Just found this thread as I have spent most of the day trying to set my Record Planer up using the jigs ( was told they were essential when bought the planer last year). I know exactly what paulymarshall went through. In the end I set them up with a straight edge on the out feed table, which needed adjusting as well. Does anyone know what the tolerance should be. If I read with a depth gauge after setting there up to 0.13mm from one side of the blade to the other but I am still not sure if all 3 blades are set the same. Has anyone any tips. I haven't tried Steve Maslerly's rolling wood check yet.

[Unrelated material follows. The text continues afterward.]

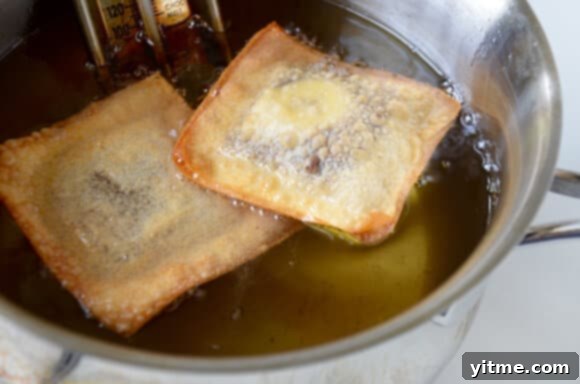 Banana Chocolate Wonton Poppers ready to be dipped in caramel sauce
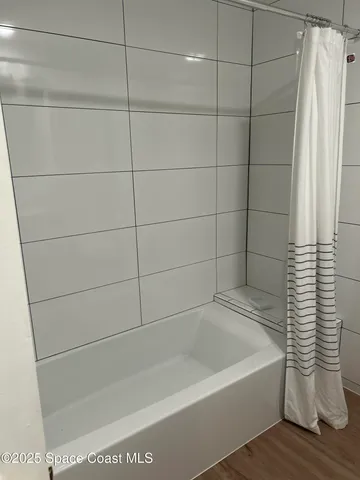 a bathroom with a bathtub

Thanks giff


----------



## Digit (13 Aug 2010)

I've tried the lot Giff and now use a home made jig.
Before I explain, and believe me it is very simple, can you locate the cutter block in a fixed position?
Top dead centre is best.
If you can do that then two pieces of wood/plastic/alli and some magnets and you are home and dry.

Roy.


----------



## Giff (13 Aug 2010)

Thanks for the quick reply Roy. I have just ordered some welding magnets off ebay as a suggestion in the old posts. I haven't worked out how to lock the block yet but maybe the magnets will do that. ? I thinks the jigs setters may be left on the shelf for quite a while ! I did think it was me being stupid so thanks again for the advice. Giff


----------



## Digit (13 Aug 2010)

My jigs are two peieces of plastic 5 inches long with three small magnets embedded in them. Two hold the jigs down onto the outfeed table. 
If your table is alli then drill and tap two holes. I hold the cutter block at TDC with a pin attached to the top of the bearing housing and engages in the slot where the knives are.
The magnets are arranged to set the knives 2-3 thou below the outfeed table.
Replacing three knives takes about 20 minutes.
If necessary the jigs can be made with a hook that locates the knives at TDC, this requires that the jigs be located in place on the outfeed table. Drill and tap, or another hook to hang the jigs over the edge of the outfeed table etc.
Once made the job is quick and fool proof and accurate.

Roy.


----------



## Giff (13 Aug 2010)

That sound very accurate but simple to use. I have an iron table so the magnets will work. Thanks again Giff


----------



## Tim Nott (14 Aug 2010)

The jig thingies are simple, if you can set them off the block rather than the tables. With a knife in place, align the outfeed side magnet with the back of the blade. Click the other magnet on to the infeed side of the block, then screw the blade magnet down till it just touches the blade. Tighten the locking screw on the jig, Repeat in the same position for the other jig.
You should now never have to change the settings again - with all three magnets touching on both jigs at each end of the block you can be sure that your blades will be aligned precisely to the block.


----------



## stuartpaul (14 Aug 2010)

I splashed out today and bought a set of these:

http://www.axminster.co.uk/axminster-ax ... rod804558/

Yet to use them but hopeful that they'll do the job as I find blade setting a PITA!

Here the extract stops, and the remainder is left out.